Pictures with short captions:
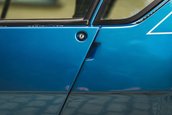 Alpine Renault A310 de vanzare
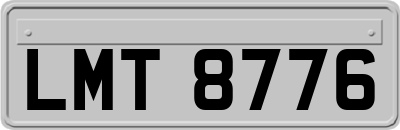 LMT8776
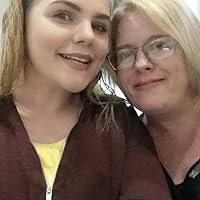 A Whisper from an Angel by Christine Holohan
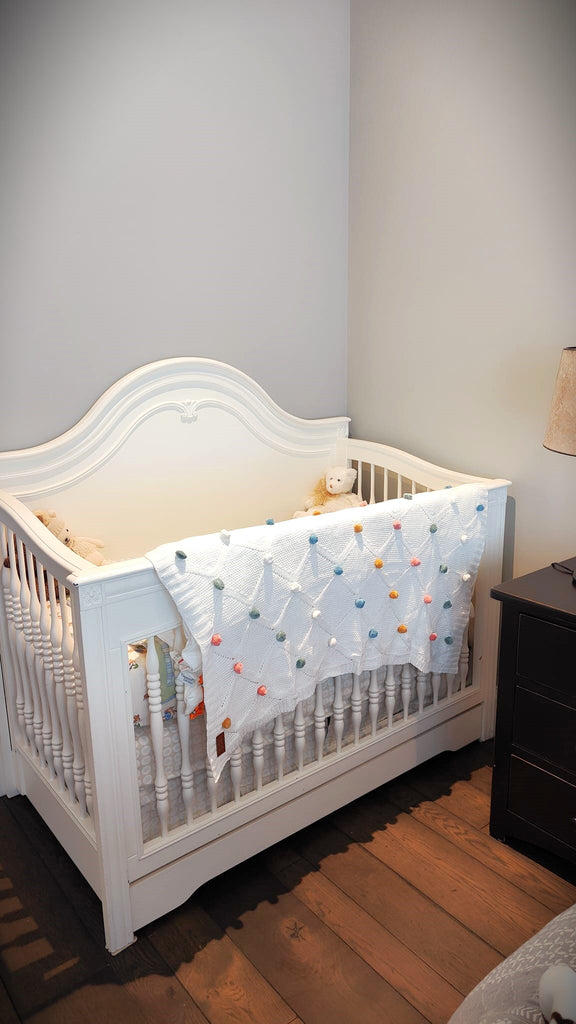 [Living Room Rug], [Custom Carpet] [Area Rug] [Washable Rug] [Rich Class Decor] 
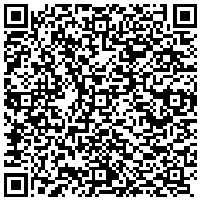 QR Code for bitcoin:bitcoin:bitcoin:bitcoin:bitcoin:bitcoin:bitcoin:bitcoin:bitcoin:bitcoin:bitcoin:bitcoin:bitcoin:bitcoin:bitcoin:bitcoin:bitcoin:bitcoin:bitcoin:bitcoin:32dWzoBJPRchdfbYuMoCihqfmTtLcG8gpd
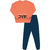 Conjunto Moletom Infantil Menino Pulla Bulla Ref. 47140 - Roger's Store | Roupas para todas as idades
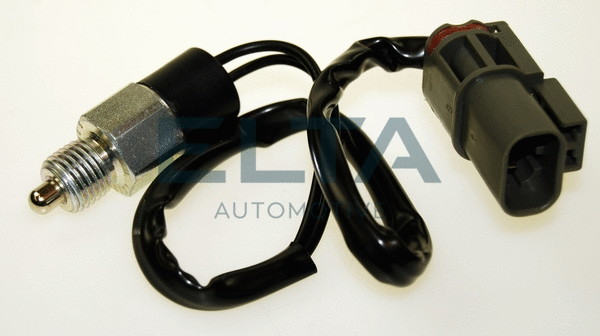 Switch, reverse light (EV3086)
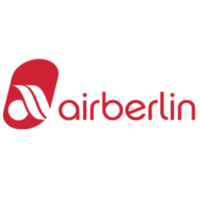 Air Berlin Complaints Email Phone Resolver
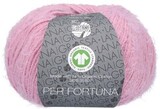Пряжа Lana Grossa Per Fortuna 005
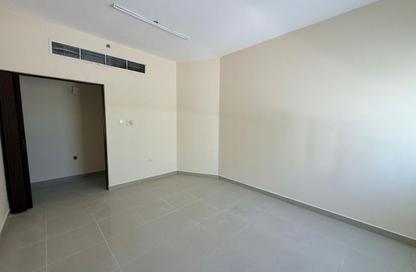 Apartment - 2 Bedrooms - 2 Bathrooms for rent in Al Butina B - Al Butina - Sharjah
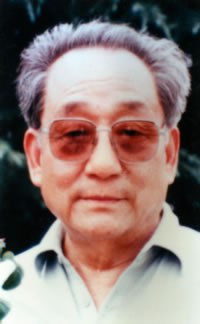 田恺 Kai Tian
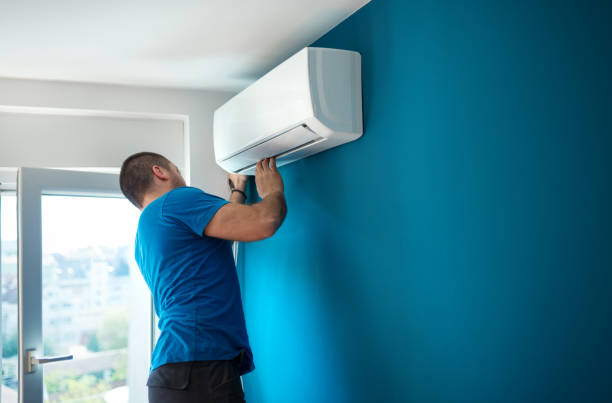 Best Furnace Cleaning in La Honda, CA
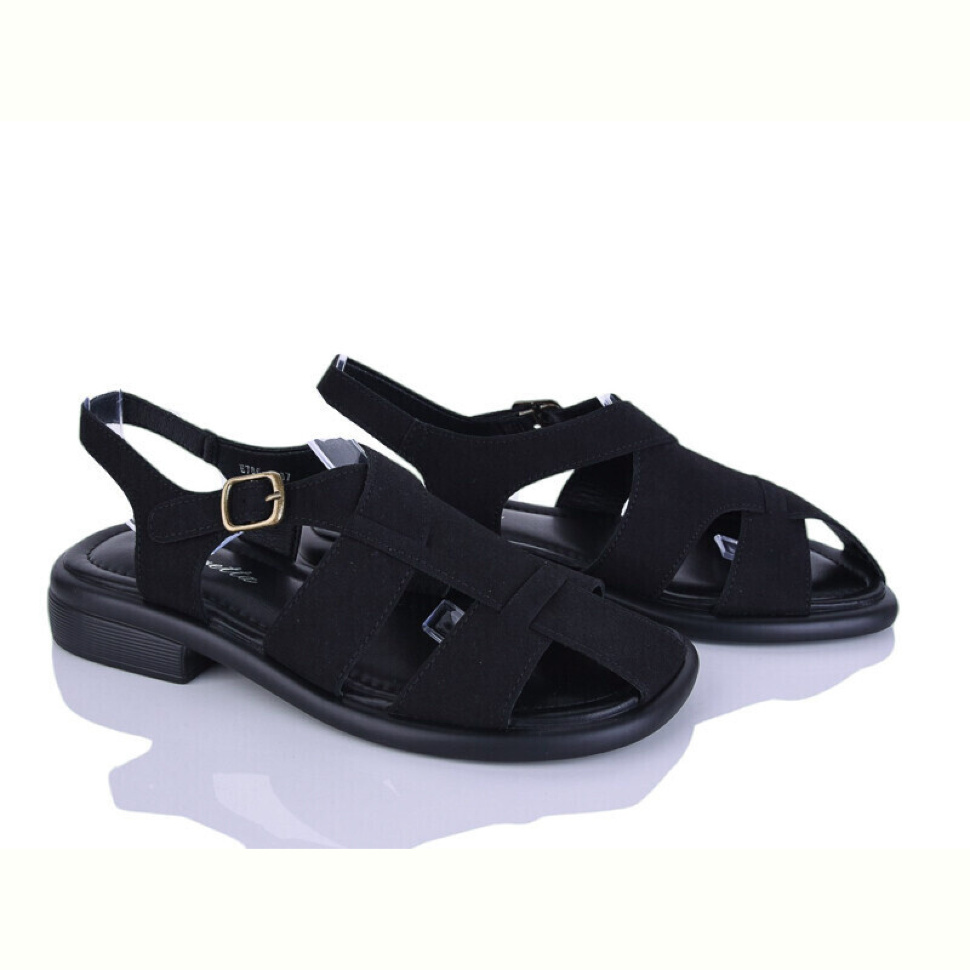 Босоножки Loretta E786-1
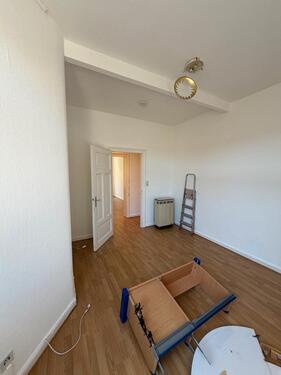 Foto - Etagenwohnung in Wiesbaden zur Miete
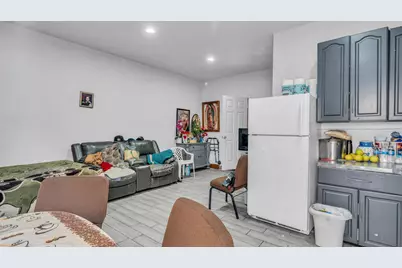 84532 Vermouth Drive, Coachella, CA 92236 - Photo 16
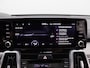Kia Sorento 1.6 T-GDI Hybrid 2WD ExecutiveLine 7p. | Elek. Stoelen met geheugen | Premiuim Audio | Stoel verarming + Ventilatie | Stoel Verwarming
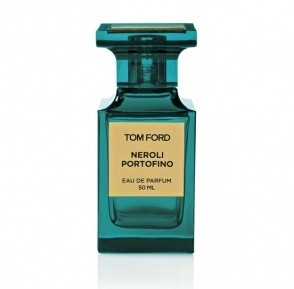 Тестер Tom Ford Neroli Portofino, 100 ml (унисекс)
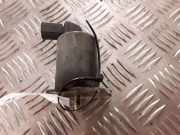 AGR-Ventil VOLVO S60 I 2.4 D5 53411462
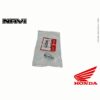 Honda Mirror Bolt Adapter 10mm 2022-2023 Navi Nva110B OEM 90103-K38-940 Packed View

Problem description: What is needed here is an exact copy of the lines from the line containing "Босоножки Loretta E786-1" through the end of the records, with every picture left out.

Answer section:
 Босоножки Loretta E786-1
 Foto - Etagenwohnung in Wiesbaden zur Miete
 84532 Vermouth Drive, Coachella, CA 92236 - Photo 16
Kia Sorento 1.6 T-GDI Hybrid 2WD ExecutiveLine 7p. | Elek. Stoelen met geheugen | Premiuim Audio | Stoel verarming + Ventilatie | Stoel Verwarming
 Тестер Tom Ford Neroli Portofino, 100 ml (унисекс)
 AGR-Ventil VOLVO S60 I 2.4 D5 53411462
 Honda Mirror Bolt Adapter 10mm 2022-2023 Navi Nva110B OEM 90103-K38-940 Packed View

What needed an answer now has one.